Oggi sulle pagine forlivesi de Il Resto del Carlino il giornalista Marco Bilancioni replica ad un mio intervento, legittimamente critico perché fondato, su un’intervista da lui fatta a Davide Minutillo, capogruppo di “Centrodestra per Forlì”, minima lista fiancheggiatrice e di puntello alla variegata maggioranza di centrodestra, ora al governo della città di Forlì. La mia critica non era tanto rivolta al conduttore dell’intervista e alle sue domande, ma soprattutto alle risposte dell’intervistato, palesemente nella esclusiva premura di calare le possibili carte del prossimo futuro del suo “Centrodestra per Forlì” nell’imminenza delle amministrative 2024: correre nuovamente da soli o confluire in un’altra formazione o partito. Comunque, vasta e concorde è stata l’idea di tanti lettori che si trattasse di un’intervista concertata tra i due.
Nella sua replica Marco Bilancioni mi ritiene denigratore feroce dell’eventualità di cambiare bandiera e gabbana, pratica amaramente diffusa e consolidatasi nella politica, locale e nazionale, dei nostri giorni. Certo, comprendo che l’uomo sia per definizione aristotelica un πολιτικὸν ζῷον ovvero un “animale politico”, capace di scelte razionali, ma, al pari di tanti cittadini, ho il buon senso e, pure, il diritto di distinguere tra chi politicamente fa scelte continuative sul filo logico della propria coerenza di pensiero e d’azione e chi, invece, saltuariamente e solo sul filo del proprio tornaconto, sempre molto molto interessato, decide, a seconda dei casi, come assicurare il personale futuro politico.

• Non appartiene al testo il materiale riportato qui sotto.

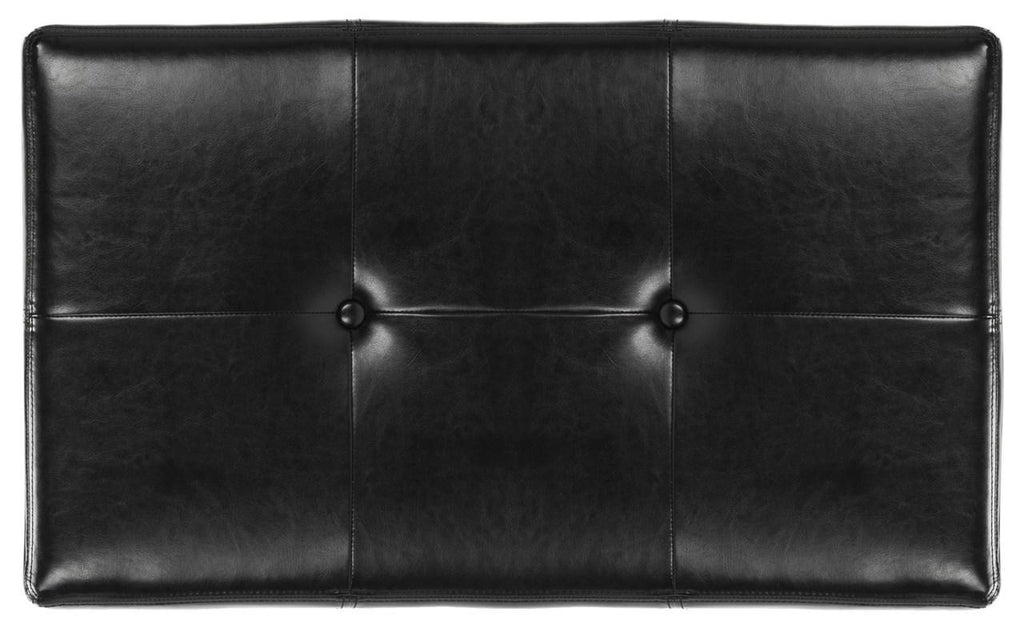 Safavieh Maiden Bench Small Tufted Storage Black Wood Birch Bicast Leather HUD8230B 683726784739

Bisogna capire se Minutillo con il suo “Centrodestra per Forlì” rappresenta qualcosa di peculiare e distintivo nel centrodestra oppure solo qualcosa di personalistico e senza spessore, disponibile al trasformismo del “salto della quaglia”.
Ormai, il “salto della quaglia”, inteso come inclinazione di taluni a cambiare ditta o azienda e, perché, no partito politico è pratica addebitabile, al momento, a più protagonisti della vita politica forlivese: Davide Minutillo non è il primo né sarà l’ultimo di tale schiera, ma questo non significa che i forlivesi debbano rassegnarsi all’ineluttabilità che il futuro del loro comune sia deciso, magari sul filo di lana, da alcune, ahimè decisive, banderuole.
A supporto del legittimo diritto di cambiare casacca in politica mi vengono richiamati taluni trascorsi “salti della quaglia” forlivesi, sicuramente poco esemplari sul piano dei valori umani e morali della politica, patrimonio, da tempo, ormai alle ortiche.
Così vediamo ex parlamentari al terzo cambio di maglia in un avvilente mercato delle vacche; abbiamo già visto un certo rigore d’impronta mazziniana, tradito per la vanità e il calcolo di una presidenza istituzionale; né possiamo dimenticare taluni guitti e saltimbanchi senza anima politica già in corsa per un rimpasto di assessorati.
Per carità, questo malcostume non risparmia neppure la sinistra che, forse, anche per questo assiste muta a tanto scempio della politica forlivese. Nella sua replica Marco Bilancioni parla di sfide dell’attuale maggioranza di centrodestra, ma se tali sfide, così epocali, consistono in quelle da lui menzionate ovvero una riflessione interna a Fratelli d’Italia o il “riaccoglimento” nella Lega di Francesco Lasaponara oppure un ripensamento della strategia politica di Forza Italia, beh, allora, c’è poco da sperare per il futuro, sempre migliore, della nostra Forlì.
Nella sua intervista Davide Minutillo si è preoccupato solo del suo orticello elettorale e come far valere, pesare questo consenso alle prossime lezioni: per carità, tutto lecito, ma non mi si contrabbandi tutto questo come una scelta esclusiva, prioritaria per il bene della città.
Da tempo, sono un cittadino deluso, molto critico verso la politica nazionale e locale, pure ferito dalla mala e tardiva gestione del post alluvione; soprattutto, sono un elettore, molto modestamente interprete della rassegnazione elettorale del grande Indro Montanelli: vado a votare turandomi il naso e, magra consolazione, possibilmente scegliendo il meno peggio; non ho altra dignitosa possibilità e l’astensionismo o la nullità del voto rifuggono dalla mia considerazione.
Mi preoccupa tanto il futuro dei giovani forlivesi, non accetto che per loro decida chi innanzitutto provvede al suo orticello; ancora di più mi preoccupa che tutto questo cambiamento da “salto della quaglia” sia funzionale a taluni poteri sotterranei, trasversali da destra a sinistra, anche con loggia panoramica, da tempo capaci di condizionare i partiti e la politica locale.